How Chicago's Division Street Rebellion Brought Latinos Together

In 1966, police shot a young Puerto Rican man. What followed created a blueprint for a new kind of solidarity.

Troubles also flared between Puerto Ricans and police, who harassed and targeted them—sometimes simply for gathering on street corners or walking through the park. In the summer of 1965, just a year before the rebellion, police brutally beat several young Puerto Rican men in a dispute over fire hydrants. “Residents of the Division Street area shared a pervasive belief,” sociologist Félix M. Padilla wrote, “that policemen were physically brutal, harsh, and discourteous to them because they were Puerto Ricans; that policemen did not respond to calls, enforce the law, or protect people who lived in this community because they were Puerto Ricans.”

So it was hardly a surprise when the streets erupted, calming down only on the third day, when an overwhelming police presence flooded the area. But what happened in the weeks and months that followed changed the course of the Latino experience in Chicago forever.

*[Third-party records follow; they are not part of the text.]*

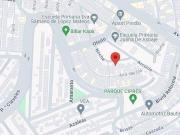 VENTA DE CASA EN ESTADO DE MEXICO COL CIUDAD LABOR... VENTA DE CASA EN ESTADO DE MEXICO COL CIUDAD LABOR...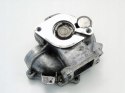 POMPA WODY 1.8 2.0 i BMW 3 E46 318 CI TI N42 VALVETRONIC 7500594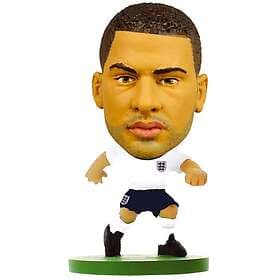 Soccerstarz England Glen Johnson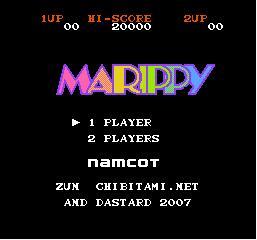 猫捉老鼠东方版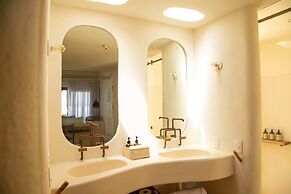 Pomelo Hotel Boutique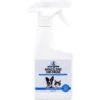 EcoSpaw Unscented Dog & Cat Bathless Spray, 8-oz Bottle -Pawfect Care 321805 MAIN. AC SS1800 V1639091529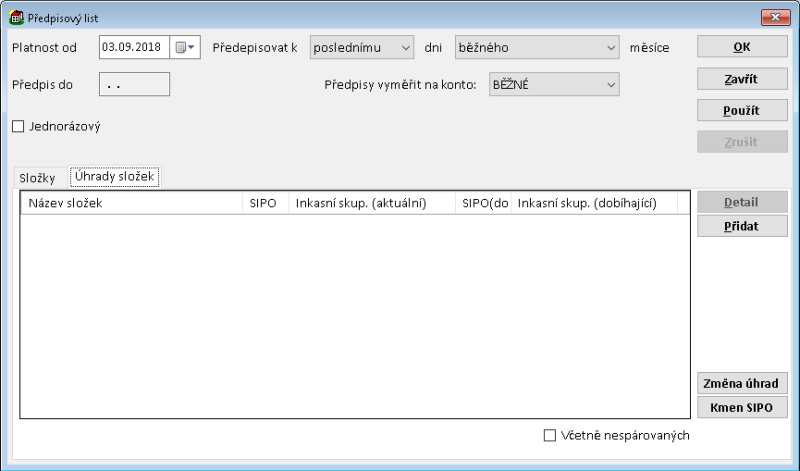 objekty.detail_objektu.vztahy.predpisove_listy.pridat_new.2.png objekty.detail_objektu.vztahy.predpisove_listy.pridat_new.2.png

When the shooting occurred and the commotion began, brothers Omar and Obed López were standing a block away, waiting for an order of tacos at Doña Maria’s restaurant. They sprang into action, joining friends and community leaders to calm the fury, and helping keep others safe by pointing them to hiding spots. The Lópezes were from Mexico, which made them unusual in the neighborhood; while Mexicans and Puerto Ricans lived in proximity in the Near West Side in the 1940s, urban renewal projects largely drove them to different parts of the city in the next two decades. Rebellion, however, would join them together again. Relative unknowns in the neighborhood, in the coming months and years, the López brothers would become known across Humboldt Park and Chicago as leaders of the Latino community.

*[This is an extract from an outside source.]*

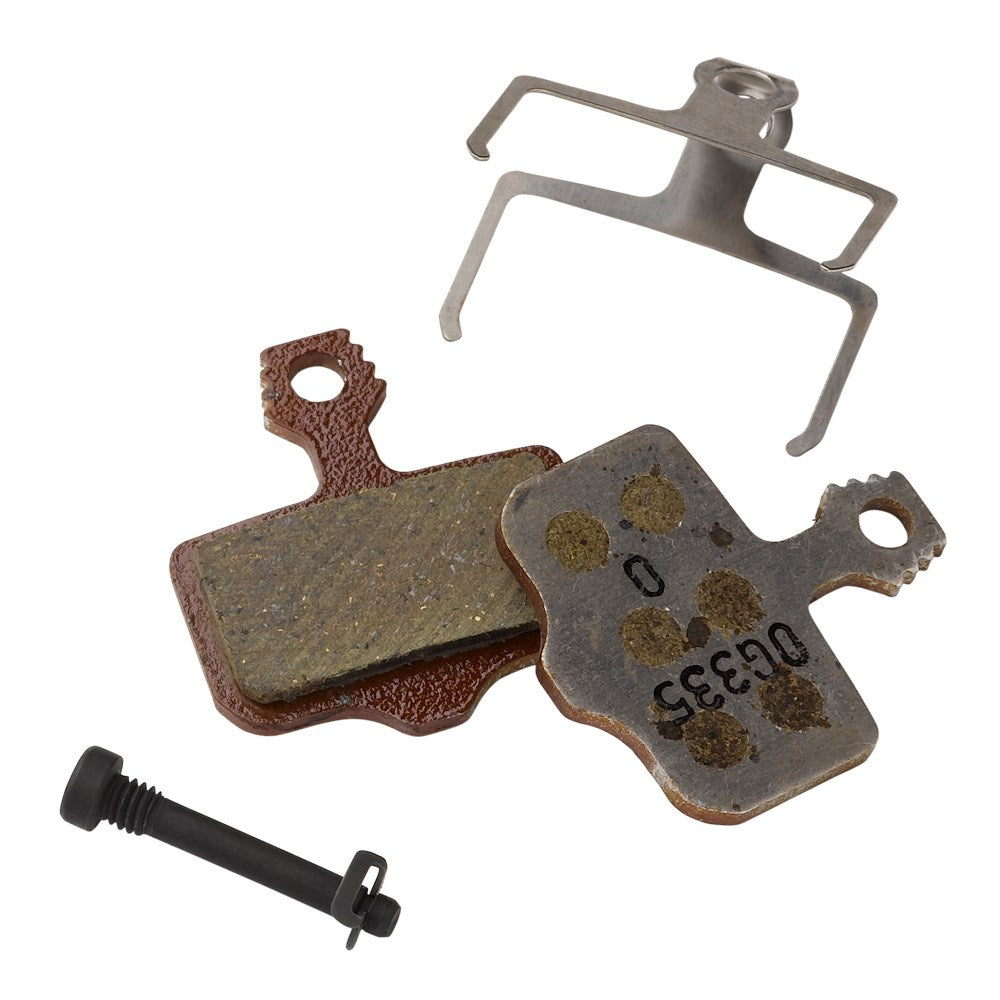 SRAM Disc Brake Pad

In the immediate aftermath of Division Street, neighborhood activists who had been touched by the rebellion—youth, families, religious leaders—decided there was no going back. Cultural recognitions like a Puerto Rican Day parade, they vowed, would no longer be enough. Chicago’s Puerto Ricans began planning direct political action. Throughout the second half of 1966, they organized peaceful rallies at Humboldt Park, participated in the Chicago Commission on Human Relations hearings on police brutality, and marched to city hall. There, they demanded full citizenship rights and decried how housing discrimination, lack of jobs, poor city services, and police brutality structured everyday life.